Keywords

1 Introduction

Neural mechanical translation can only achieve better results by training large-scale parallel corpora. Chinese-Vietnamese neural machine translation is a neural machine translation of resource scarcity types. It is difficult to obtain large-scale parallel corpus of Chinese-Vietnamese in a short time. Pseudo-parallel sentence pair generation is one of the important methods to extend pseudo-parallel corpus. Many researches have shown that pseudo-parallel corpora can also effectively improve the performance in neural machine translation of resource scarcity types.

There are three methods to generate pseudo-parallel corpora now. They are the method of back translation [1], the method of retelling [2,3,4,5], and the method of data augmentation [6]. These methods use a small amount of parallel corpus to generate pseudo-parallel corpora. But these specific methods are different. The back translation based method uses monolingual corpus resources to generate pseudo-parallel corpora in the iterative process of the neural machine translation model. The retelling based method uses external resources to reproduce the bilingual parallel corpus. The method based on data enhancement uses the information of parallel corpus, and replaces the module under the certain rules to realize the generation of pseudo-parallel corpus.
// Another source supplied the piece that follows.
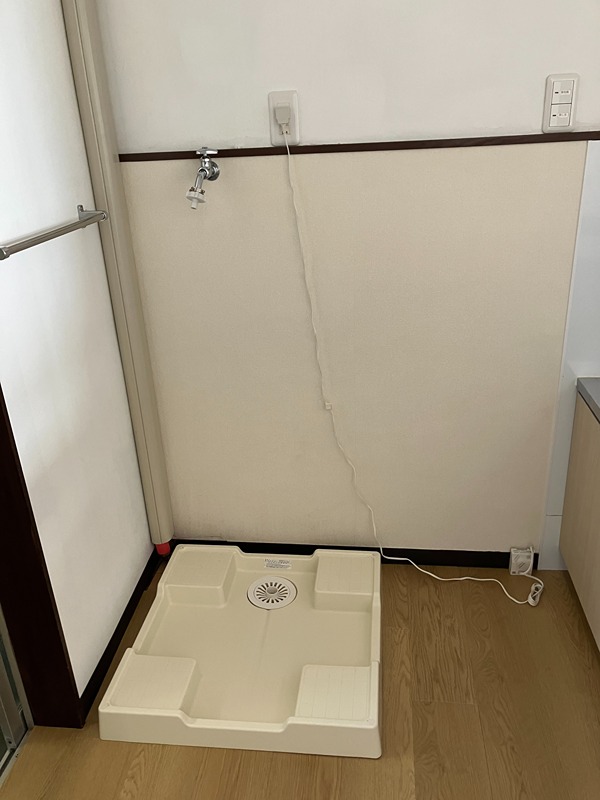 コーポモンパルノ その他部屋・スペース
The method based on data enhancement can achieve better results without introducing additional resources. Therefore, this paper uses the method of data enhancement to realize the generation of Chinese-Vietnamese pseudo-parallel corpora. This method is also called a phrase-based Chinese-Vietnamese pseudo-parallel sentence pair generation method. This method firstly realizes the word alignment and phrase syntactic structure analysis for small-scale Chinese-Vietnamese parallel corpus. Then the method extracts the Chinese-Vietnamese aligned noun phrase (NP) and verb phrase (VP) according to the word alignment information and the phrase syntactic structure information of the parallel sentence pair, and form a collection of Chinese-Vietnamese alignment phrases. Finally, according to the phrase syntactic parsing tree of the Chinese and Vietnamese parallel sentence pairs, we find the NP and VP structures at different depths. At the same time, we use the set of aligned phrases to replace the phrases in the sentence, and use the language model to verify the newly generated sentences, and finally generate the Chinese and Vietnamese pseudo-parallel sentence pairs.

2 Related Work

In recent years, domestic and foreign scholars have studied the methods of corpus generation for small-scale parallel corpora, and have achieved a series of results. On the premise of not introducing additional resources, He et al. [5] proposed a paraphrase method based on dependency analysis and sentence generation. The method obtains a dependency tree by performing dependency analysis on sentences, and then generates multiple natural language sentences from the dependency tree. The sentence generated by this method has no lexical change compared to the original sentence. However, this method has changed the word order and improved the quality of machine translation without introducing additional resources. Fadae et al. [6] proposed the method of TDA (Translation Data Augmentation) to generate pseudo-parallel sentence pairs. The method first replaces the common words in the parallel sentence pairs with the rare words, and obtains the pseudo-parallel sentence pairs. To ensure that the pseudo-parallel sentence pairs are grammatically and semantically correct, the method uses a language model to filter pairs the pseudo-parallel sentences pairs. The pseudo-parallel sentence pair through the screening mechanism is the training corpus that can be used as a neural machine translation. Cai et al. [7] use data enhancement technology to expand the training data of resource-starved languages. The method first blocks the sentence and then finds the two most similar modules in the sentence. Finally, by forming a new sentence by adjusting their position, we have realized the extension of the pseudo-parallel sentence pair.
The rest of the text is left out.